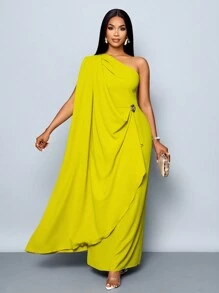 SOLERSUN 女士时尚优雅垂坠单肩长裙，配金色饰边细节 - 綠色 - 查看 6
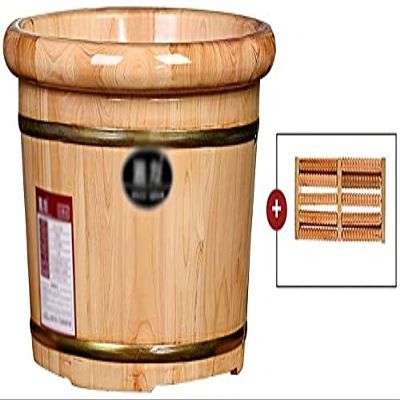 FEHUN Foot Bath Soak Household Hemming Solid Wood Foot Tub, Thickened Thermal Foot Bath, Elderly Children Portable Foot Bath Bowl, Spa Massage Foot Bucket,A ( Color : B )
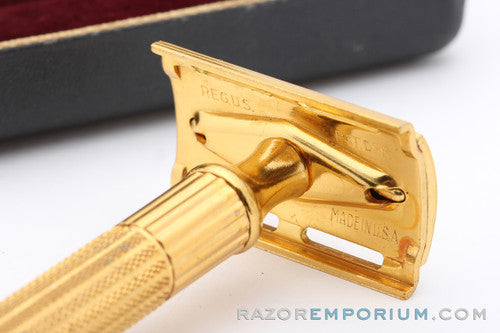 1947-51 Gillette Fat Handle Tech 3 Piece Safety Razor in Original Case - MINT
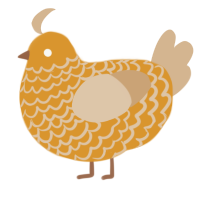 A orange and beige chicken with a lace pattern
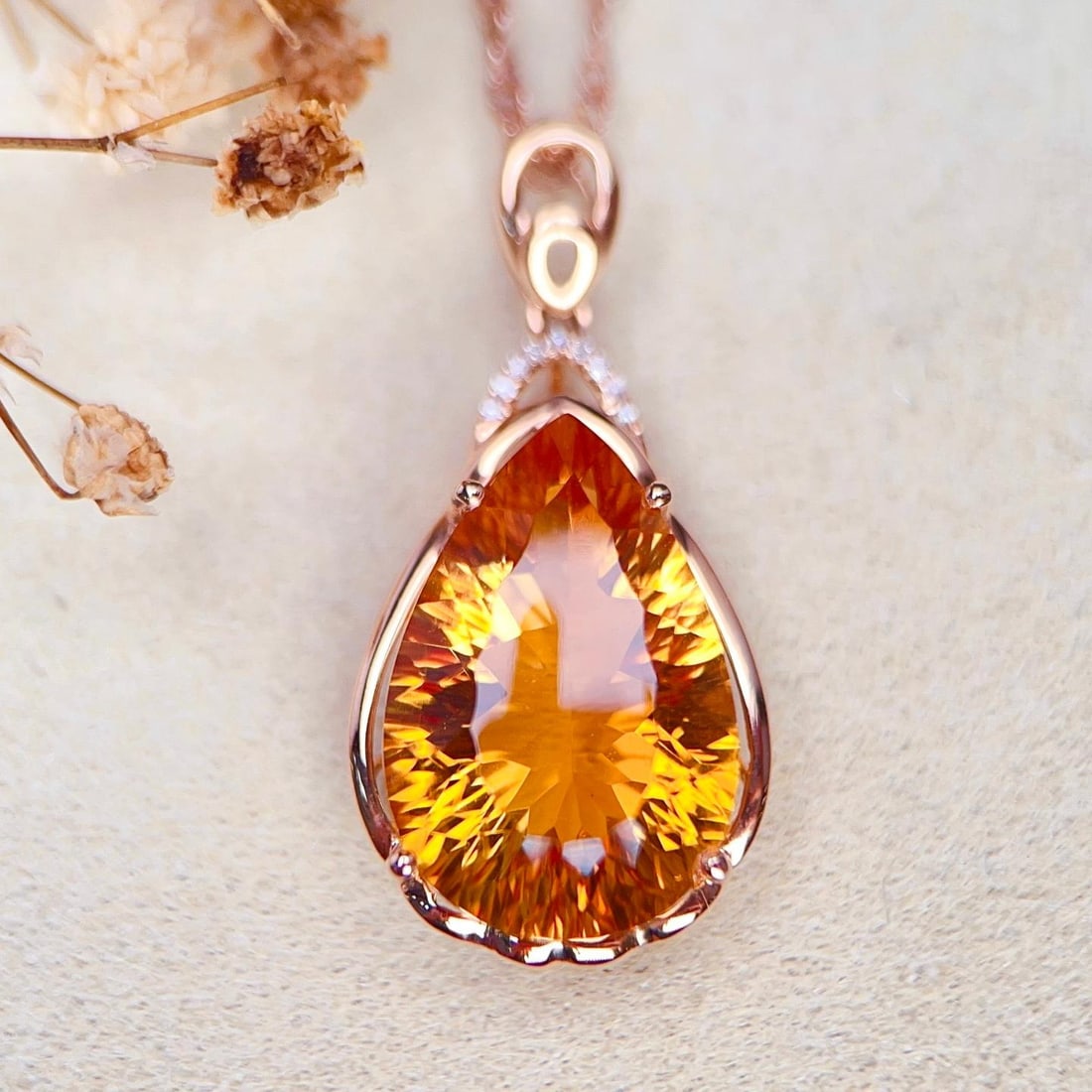14k Gold 9.22 Ctw Natural Citrine & Diamond Pendant( Without Chain ) (1 of 7)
--------------------------------------------------
▶ _Exercise prompt_: Set down exactly, and only, the lines from the one holding "FEHUN Foot Bath" to the end of the records above, leaving every picture out.

▶ _Expected answer_:
 FEHUN Foot Bath Soak Household Hemming Solid Wood Foot Tub, Thickened Thermal Foot Bath, Elderly Children Portable Foot Bath Bowl, Spa Massage Foot Bucket,A ( Color : B )
 1947-51 Gillette Fat Handle Tech 3 Piece Safety Razor in Original Case - MINT
 A orange and beige chicken with a lace pattern
14k Gold 9.22 Ctw Natural Citrine & Diamond Pendant( Without Chain ) (1 of 7)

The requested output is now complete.